The data:
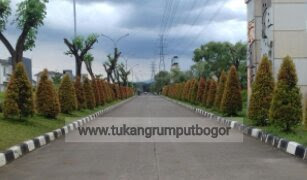 www.tukangrumputbogor.com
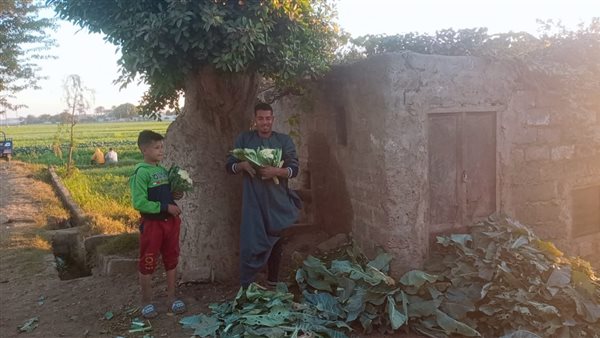 حصاد محصول القرنبيط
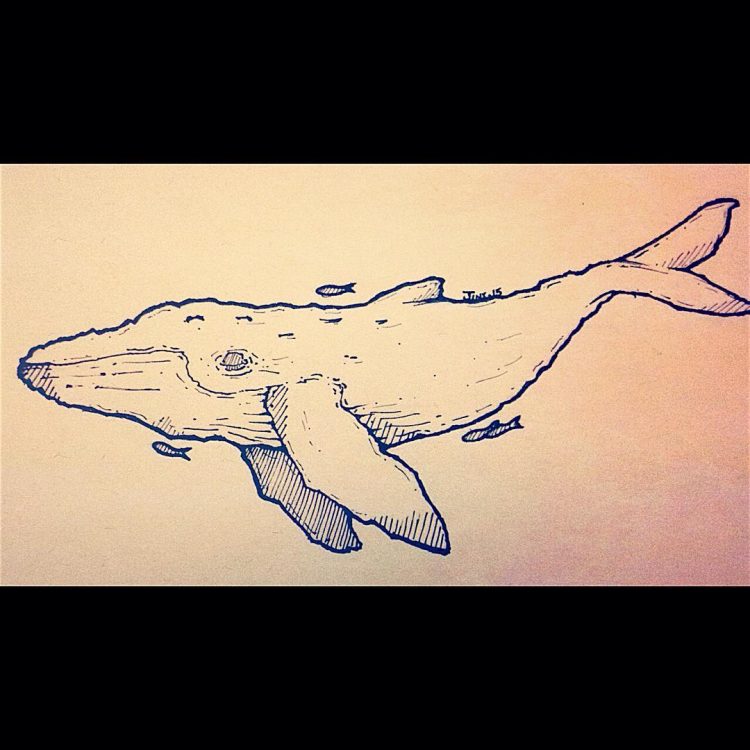 Whale in the Sky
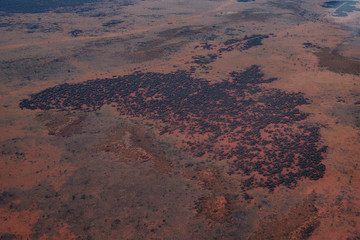 aerial view of desert with australia shape in bushes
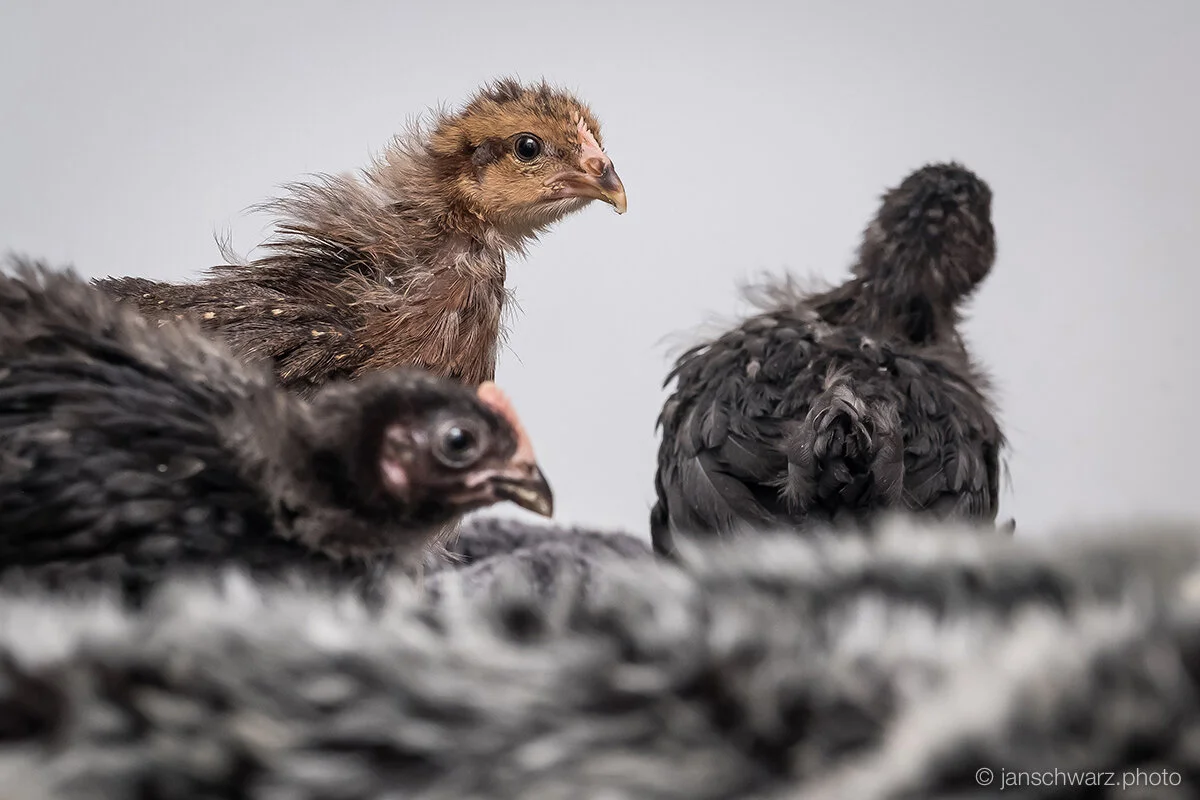 chicks_170416_062.jpg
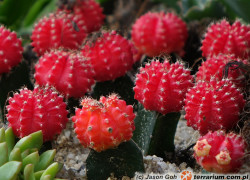 Gymnocalycium – gymnokalycium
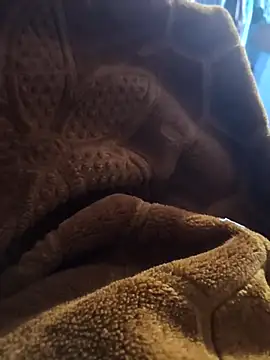 sexy-girl147 online show from April 5, 9:12 pm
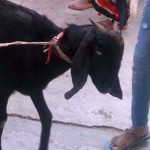 कोरोना रोक्न आग्रह गर्दै देवतालाई बलि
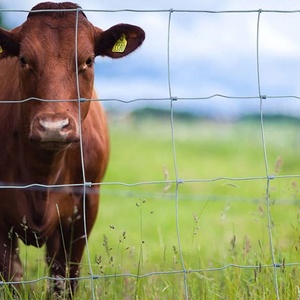 <span class=keywords><strong>รั้ว</strong></span>สนามเกมส์ลวดถักแบบยึดได้สำหรับงานหนักรั้วกั้นระหว่างแกะ/วัว/แพะ/กวาง<span class=keywords><strong>รั้ว</strong></span>ฟาร์มสำหรับออสเตรเลีย - Product Image 5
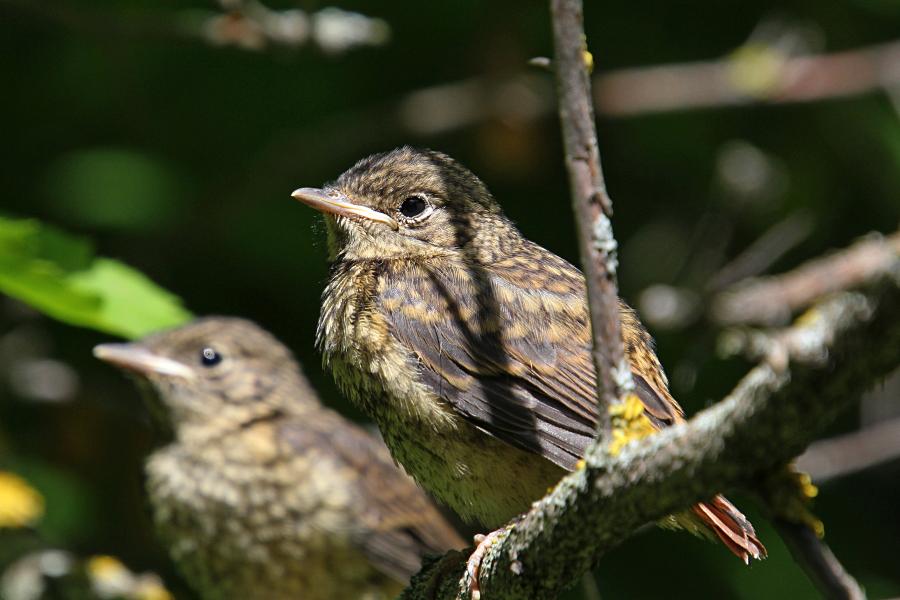 Маленькие пушистые птенцы-слётки горихвостки обыкновенной (Phoenicurus phoenicurus) на ветке дерева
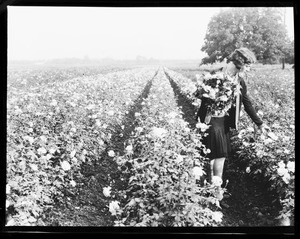 A woman picking flowers in a field of roses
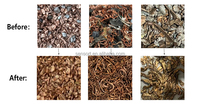 Trieuse de couleur de ferraille de cuivre en aluminium Zorba pour usine de recyclage
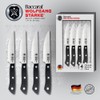 Baccarat Wolfgang Starke Steak 4 Piece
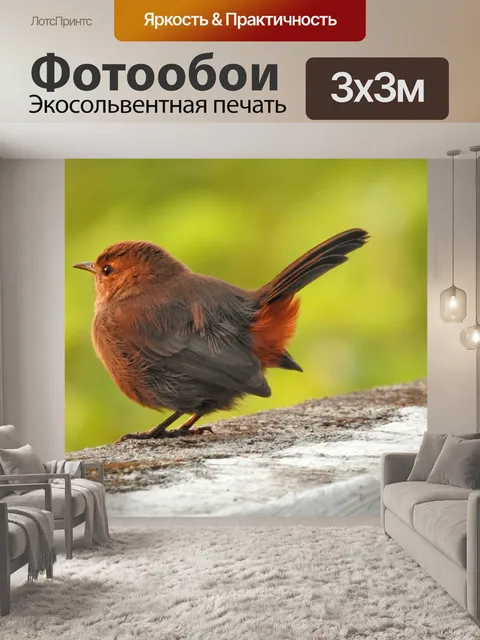 Фотообои Птицы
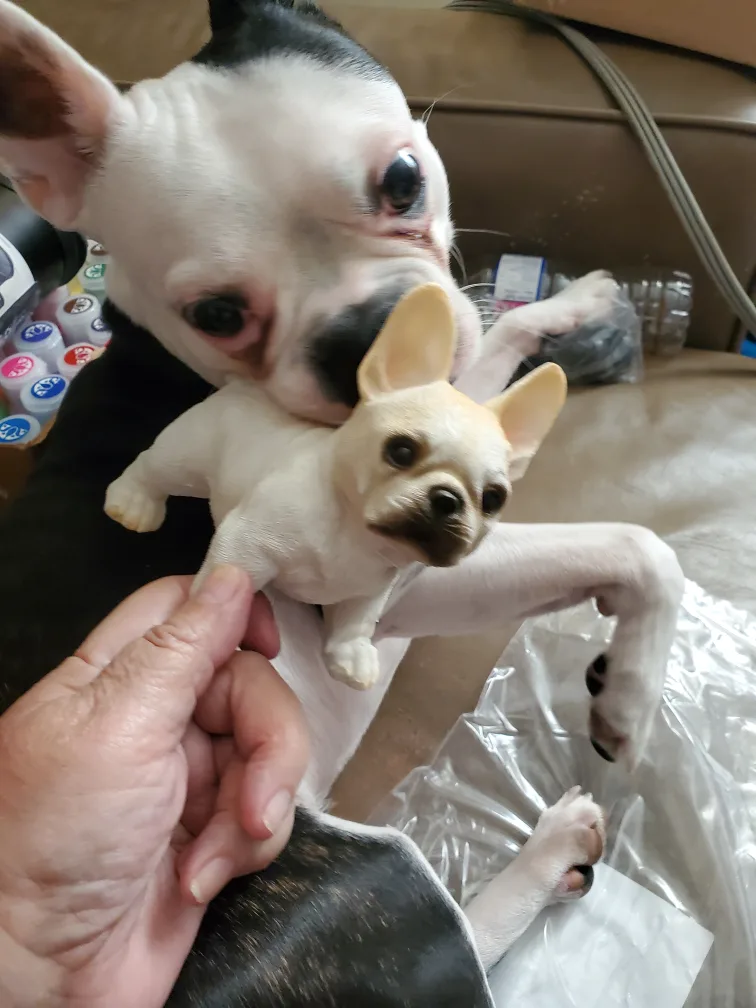 💚Adorable French Bulldog Figurine image indicator(2)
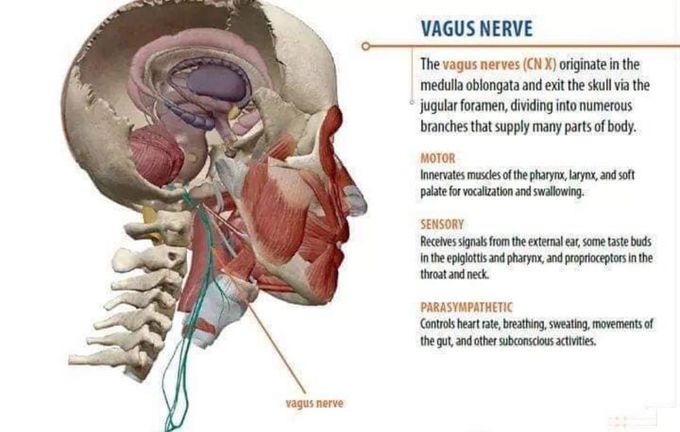 Vagus Nerve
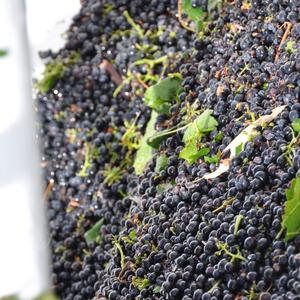 Uvas Negras Reales Fesh de Otoño - Uvas de Mesa Grandes Sin Semillas Clase 1, Duración de 30+ Días, para Exportación Mayorista Premium - Product Image 3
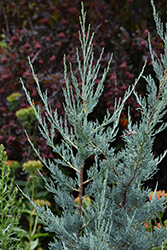Blue Haven Juniper (Juniperus scopulorum 'Blue Haven') at Lakeshore Garden Centres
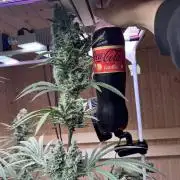 Blue Zushi Dutch Passion RDWC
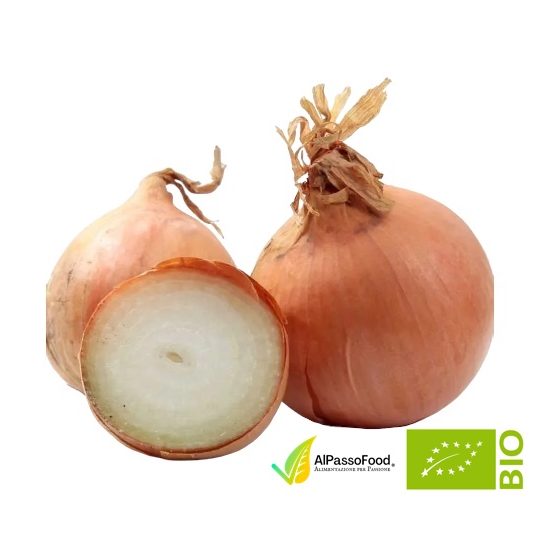 Cipolla Bionda Dorata Biologica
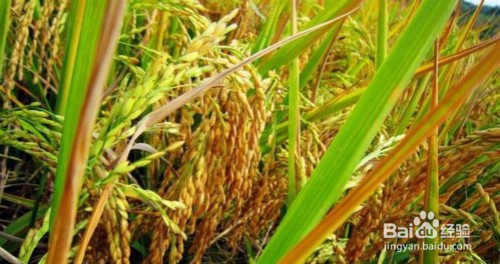 大米生虫怎么办?如何防止大米生虫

Aim of the exercise: Give again, exactly, the lines starting at the first entry above and ending at the line with "Маленькие пушистые птенцы-слётки"; please leave pictures out.

Completed exercise:
 www.tukangrumputbogor.com
 حصاد محصول القرنبيط
 Whale in the Sky
 aerial view of desert with australia shape in bushes
 chicks_170416_062.jpg
 Gymnocalycium – gymnokalycium
 sexy-girl147 online show from April 5, 9:12 pm
 कोरोना रोक्न आग्रह गर्दै देवतालाई बलि
 <span class=keywords><strong>รั้ว</strong></span>สนามเกมส์ลวดถักแบบยึดได้สำหรับงานหนักรั้วกั้นระหว่างแกะ/วัว/แพะ/กวาง<span class=keywords><strong>รั้ว</strong></span>ฟาร์มสำหรับออสเตรเลีย - Product Image 5
 Маленькие пушистые птенцы-слётки горихвостки обыкновенной (Phoenicurus phoenicurus) на ветке дерева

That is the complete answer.